Tracking a campaign isn’t as straightforward as clicks and impressions. Direct attribution, like vanity URLs, makes the job easier, but that’s one small part of the larger picture. Many listeners bypass an audio ad’s call-to-action instructions entirely, opting to Google a brand or go directly to a website rather than texting the number in the ad, for example. SMI uses survey data and pixel tracking to cast a wider net and ensure these indirect engagements aren’t missed. 

“The biggest challenge we face as an Analytics team is how to build our pipelines in a way that creates synergy between the various data sources and allows for efficient turnaround,” says Foster.As our attribution models grow in complexity, so does our emphasis on quality control.” 

A big portion of the Data Team’s job is to design a scalable framework that translates raw data into a digestible format, while executing rigorous checks and balances along the way. This is accomplished with a thoughtful blend of automation and collective human oversight, enabling the team to deliver accurate results in a timely manner.

Multiple data sources are funneled through customized pipelines, mapped back to specific campaigns, and optimized continuously.

Patience + Performance

Clients want results—and fast. But in data, patience matters. The SMI team knows that data needs time to mature before it can tell the full story.

“We’re often coaching clients on what metrics to focus on first,” says Henry, “Campaigns may begin with top-of-funnel KPIs, but true performance often emerges later. That requires volume, time, and thoughtful calibration.”

It’s about trust—trusting the process, trusting the data, and ensuring clients understand that top-of-funnel metrics (even ones created with bottom-of-funnel intent) need space to grow.

The Automation Edge

The Data Team’s relationship with AI looks quite different compared to other SMI teams. 

“AI helps us blend data sources that used to be nearly impossible to align,” says Bishop. “From writing efficient SQL queries to visualizing insights in Tableau, automation helps SMI move quickly and accurately—without sacrificing quality.”

Tools like Tableau and Monday.com are integral to the company’s workflow, driving more innovative dashboards, better project tracking, and fewer human hours on manual tasks. There’s a lot of nuance involved, too. 

The team is thoughtful about AI’s limitations and ethical implications. As Henry put it: “We operate in black-and-white, binary terms, so automation fits naturally. But we don’t take it for granted.”

From Then to Now

In the past, SMI was collecting call center data and tracking 1-800 numbers. Today, it’s blending listenership data from Nielsen, attribution from Podscribe, and air checks into unified dashboards. 

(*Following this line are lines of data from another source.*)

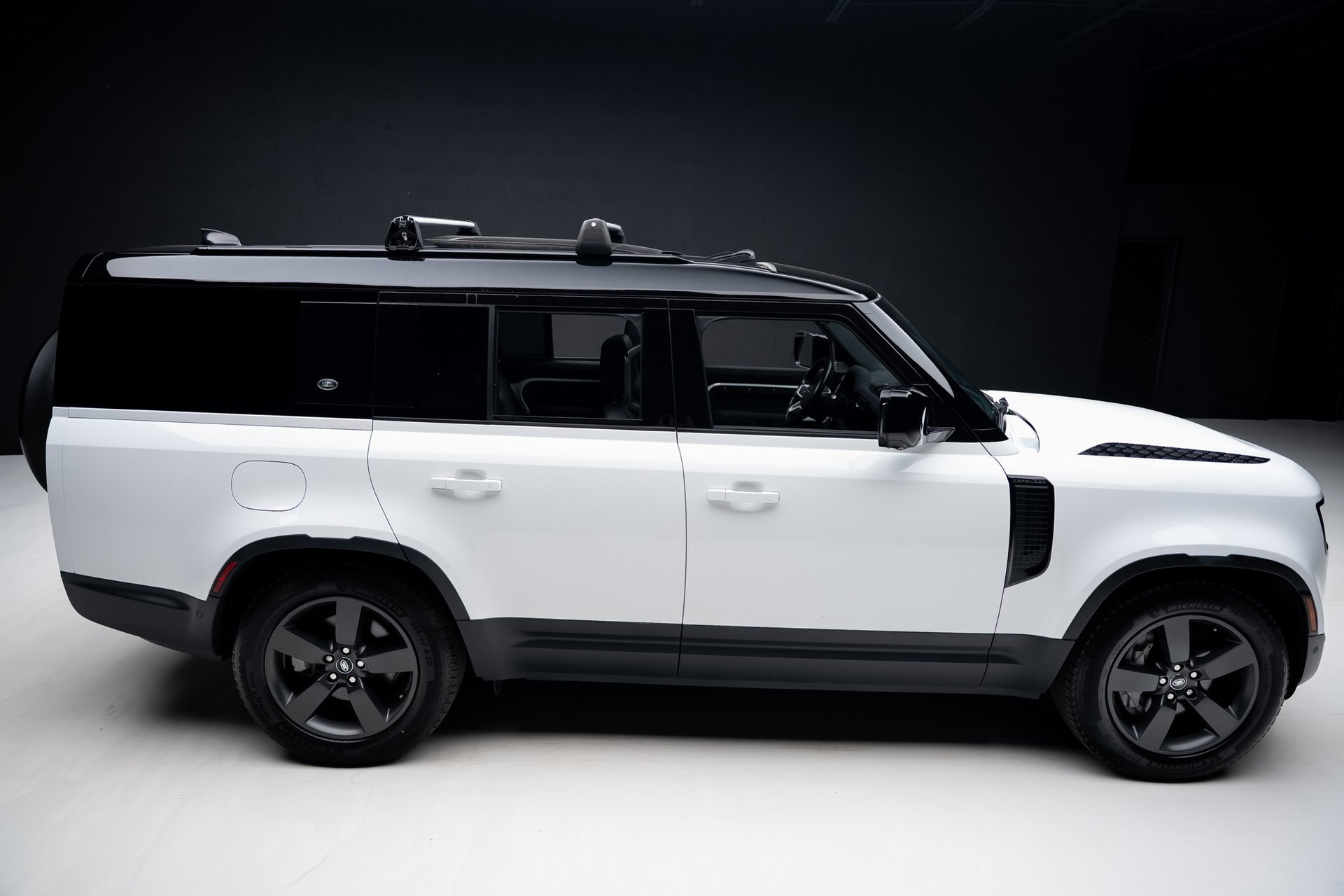 Used 2023 Land Rover Defender 130 SE image 36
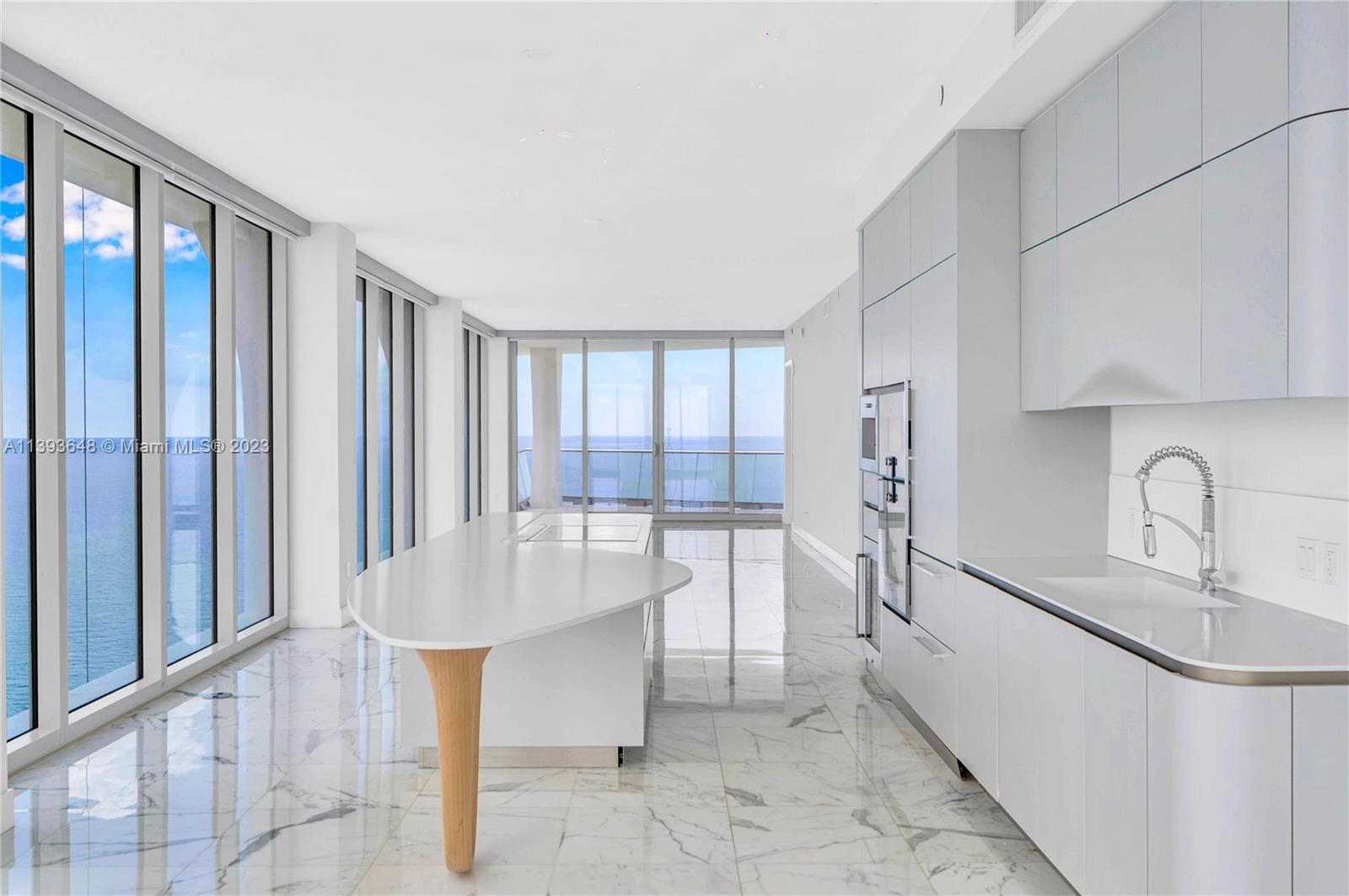 JADE SIGNATURE CONDO - Residential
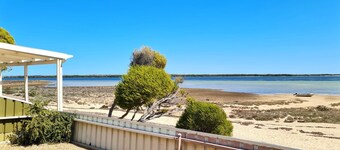 Crab Claw Cottage, Port Broughton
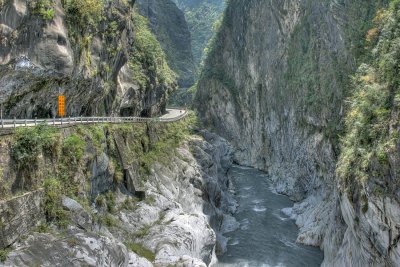 Jiuqudong (Tunnel of Nine Turns) 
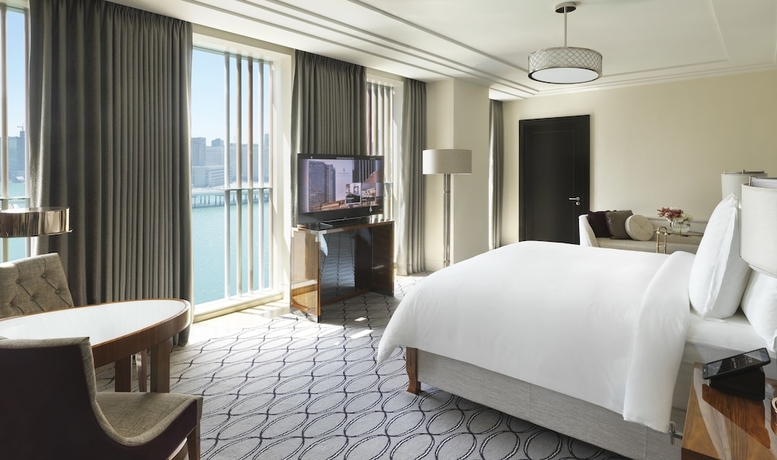 Imagen de la habitación del Hotel Four Seasons Abu Dhabi At Al Maryah Island. Foto 9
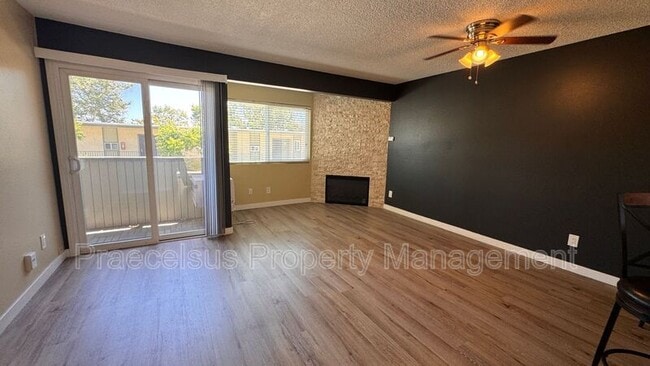 Building Photo - 202 S Pierce St Rental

“Attribution modeling has obviously changed over the 25 years SMI has been in business, but even more dramatically in the last 12 years since I’ve been here,” says Foster. “We didn’t have all these different attribution sources. It’s evolved so much.” 

Henry joined the team shortly after the launch of Stanley, SMI’s in-house management system. The implementation of this massive undertaking sparked an understanding in the difference in how SMI operates. 

“Stanley gave us the opportunity to move forward from where we were before,” says Henry. “It creates a better environment for better data keeping and gives our team the tools to improve what we do on a day-to-day basis.”

Despite the tech upgrades, the goal remains: help clients spend smarter, reach more listeners, and make every data point count.

Strategic Media isn’t just keeping up—they’re leading with data, driven by purpose, and powered by people who know how to turn metrics into momentum.